From the data below, return only the lines from the one with "Immunohistochemical staining of" through the one with "Захворювання щитоподібної залози", exact and inclusive, with pictures left out.

Input records ▸
========
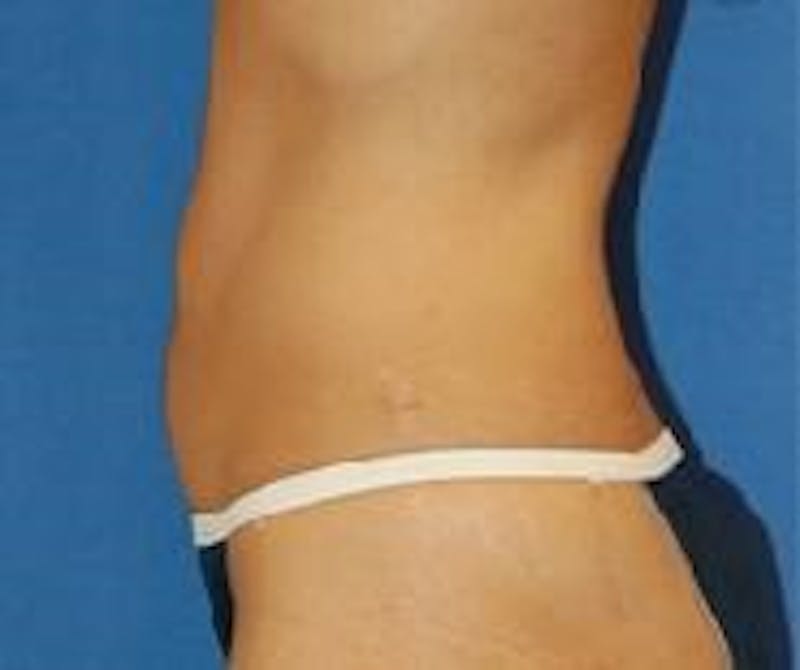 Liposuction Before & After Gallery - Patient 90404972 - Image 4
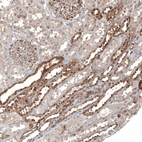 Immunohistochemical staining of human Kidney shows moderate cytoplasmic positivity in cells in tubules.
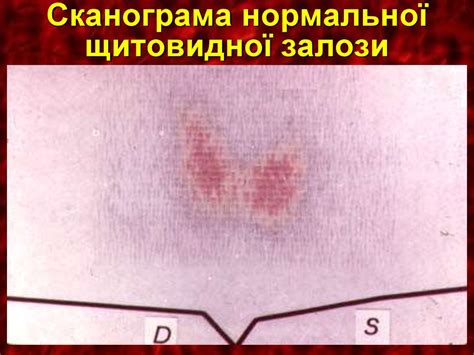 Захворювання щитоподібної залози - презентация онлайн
========
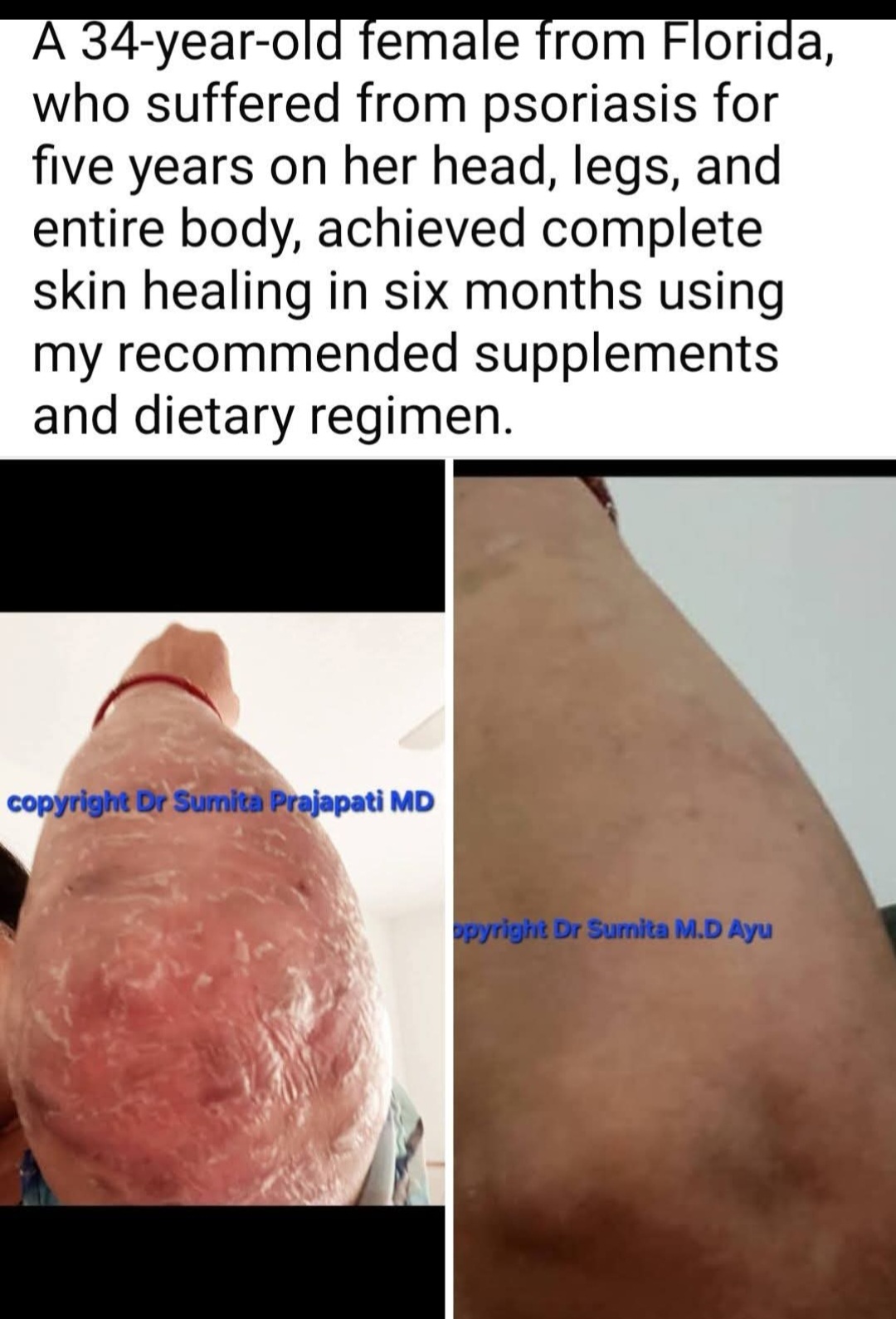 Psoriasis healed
========
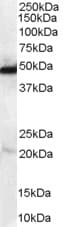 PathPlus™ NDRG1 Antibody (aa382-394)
========
Expected answer ▸
 Immunohistochemical staining of human Kidney shows moderate cytoplasmic positivity in cells in tubules.
 Захворювання щитоподібної залози - презентация онлайн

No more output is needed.